2.          The other end that receives the FIN performs the passive close. The received FIN is acknowledged by TCP. The FIN is passed to the application as an end of file(after any data that may already be queued for the application to receive) and the receiver will not receive any further data from the sender.

3.    When the received application closes its socket, the TCP sends FIN.

4.    The TCP on the system that receives the FIN  acknowledges the  FIN.

The client in this example announces an MSS(Maximum Segment Size) of 1460 and the server announces an MSS of 1024. Once the connection is established, the client forms a request and sends it to the server (fits in one segment). The server processes the request and sends a reply. The data segments transfer is shown in bold arrows The four segment shown terminate the connection. As it can be seen that the end that performs the active close enters the TIME_WAIT state.

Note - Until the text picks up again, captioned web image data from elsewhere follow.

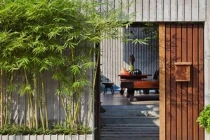 Loại cây tăng cường dương khí, trồng đúng long mạch giàu nứt đố đổ vách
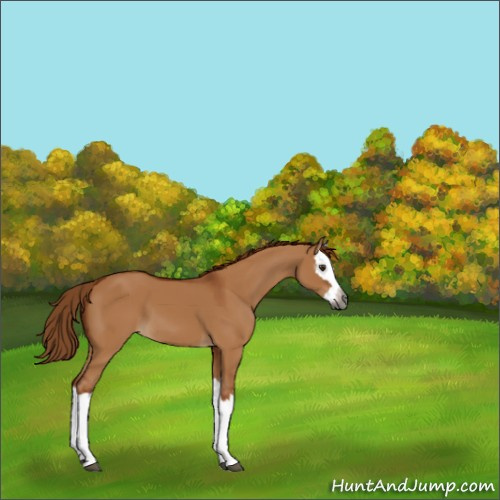 Horse Color:Gray Red Dun Splash 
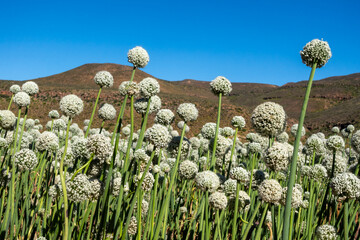 Lush onion field cultivated for seed production near the historic hamlet of Wupperthal in the Cederberg Mountains, Western Cape, South Africa. Flourishing agriculture in rugged Karoo landscape.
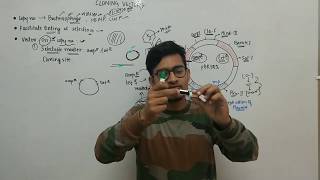 L10: Cloning Vectors, Insertional inactivation and Blue white screening by Vipin Sharma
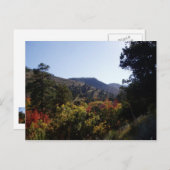 Carte Postale Le long de la route - Canyons du sentier (Devant / Derrière)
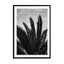 Palm Beach La Wall Art - Drawdeck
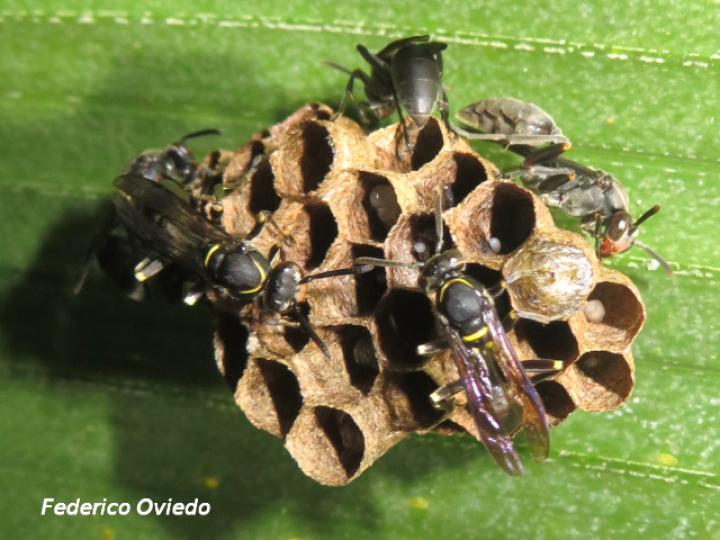 Mischocyttarus tolensis (Avispa de cintura larga toleaña)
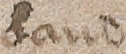 Source crop: 66r · yale-1006192-CS02220
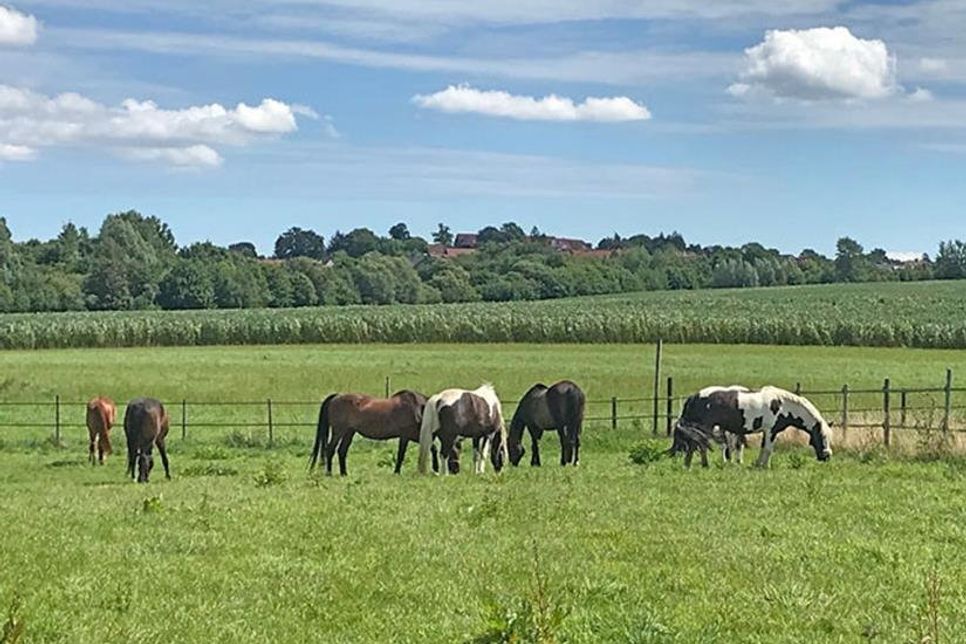 Pferde genießen die Sonnenstrahlen und das frische Gras.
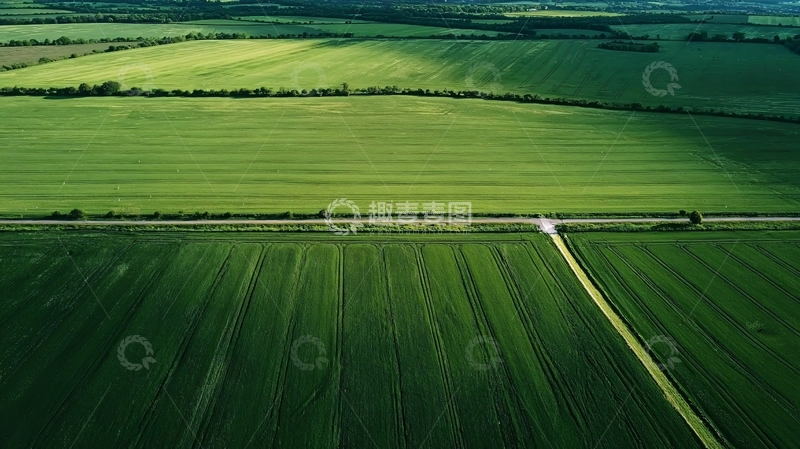高清大图下载【趣麦麦图】高空俯瞰绿色田野与笔直道路的壮丽景观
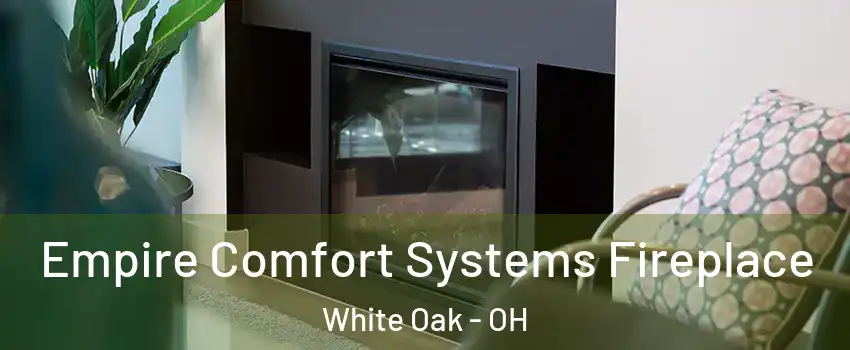  Empire Comfort Systems Fireplace White Oak - OH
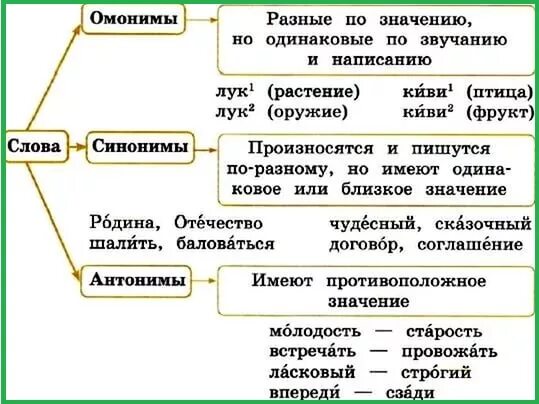 Слова имеющие близкие значения. Правило синонимы антонимы омонимы 4 класс. Правила по русскому языку синонимы антонимы омонимы. Памятка синонимы антонимы омонимы 2 класс. Русский язык 5 класс омонимы синонимы антонимы.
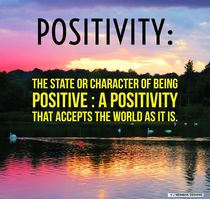 Positivity  von Vincent J. Newman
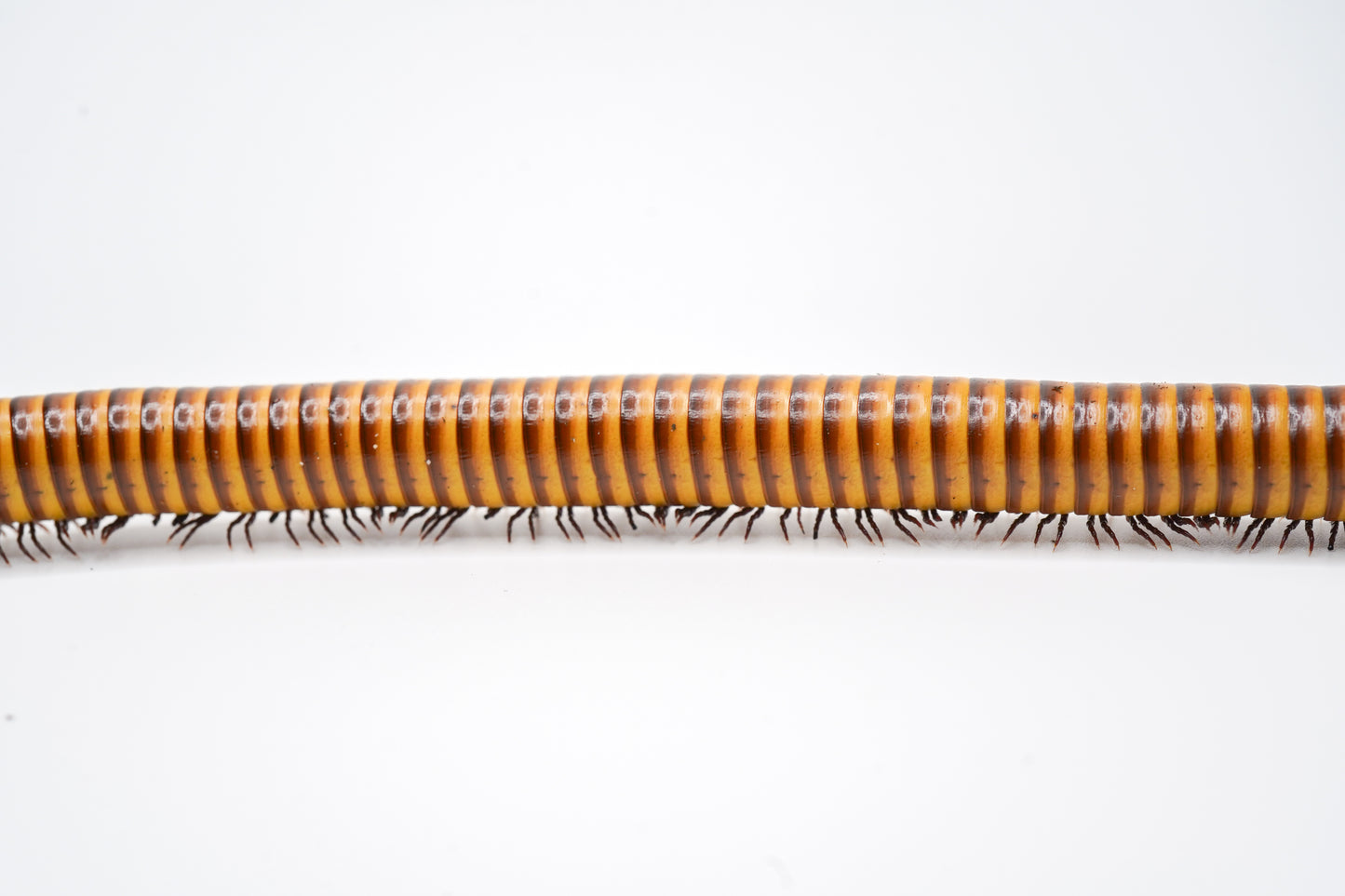 Giant gold millipede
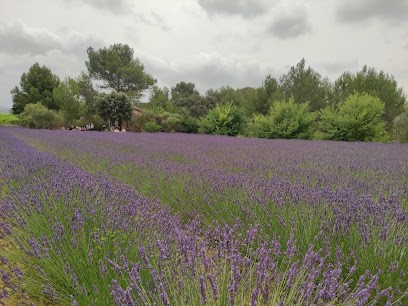 Mas De Villetelle, Ferme Bio à Gignac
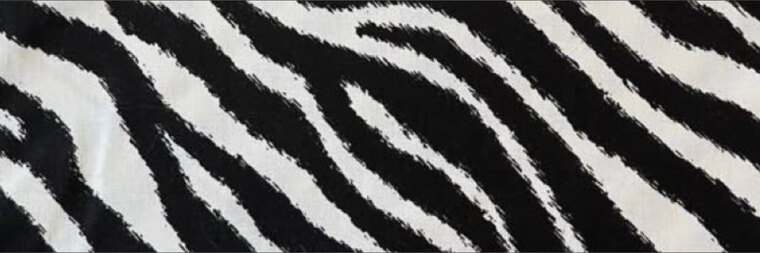 Kozii banner image
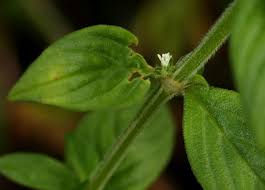 Image result for Hexasepalum sarmentosum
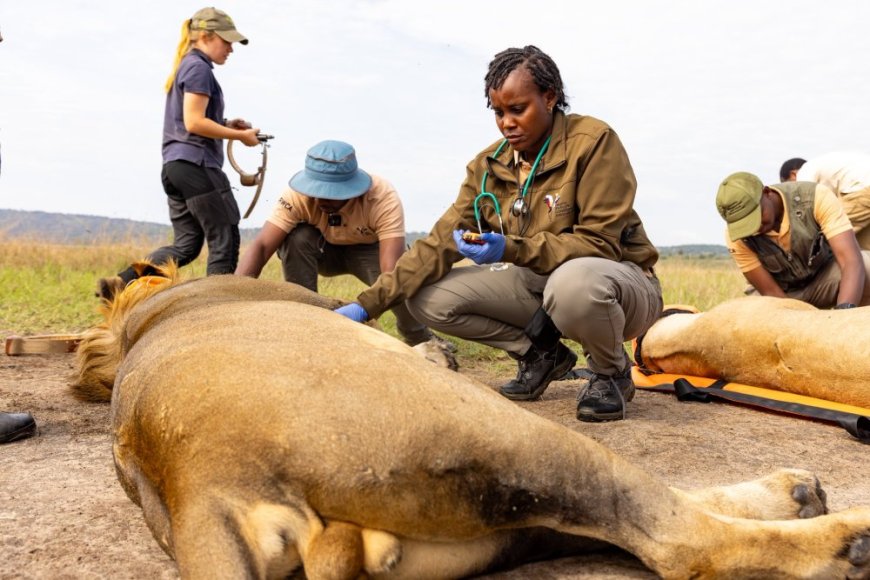 Intare 5 zo muri Pariki y’Akagera zashyizwe muri gahunda yo kuringaniza urubyaro
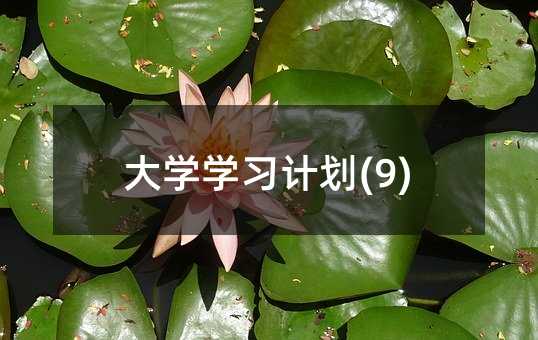 大學學習計劃(9)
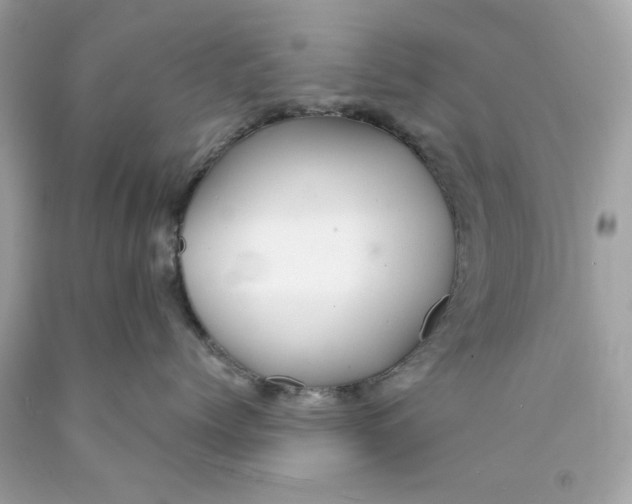 X0000089970768200707202010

Port Numbers: At any time multiple processes can use either UDP or TCP and both use 16 bit integer port numbers to differentiate these processes. Both TCP and UDP define a group of well known ports that identity services. Some of these are port 21 for FTP, TFTP is assigned UDP port 69 etc. Clients use ephemeral ports that is short lived ports. These port numbers are manually assigned by TCP or UDP to the client. The port numbers are divided into three categories

• Well known ports : 0 – 1023 These port numbers are controlled and assigned by the IANA. When possible same port number is assigned for both TCP and UDP as in the case of web server.

• The Registered Ports: 1024 – 49151 These are not controlled by IANA bit it registers and list the uses of these ports as a convenience to the community

•         Dynamic private ports : 49152 – 65535 These are what we call as ephemeral ports.

Socket Pair: The two values that identify each endpoint, an IP address and a port number, are called a socket. The socket pair for a TCP connection is the 4 tuple that defined the two end points of the connection: the local IP address, local TCP port, foreign IP address, and foreign TCP port.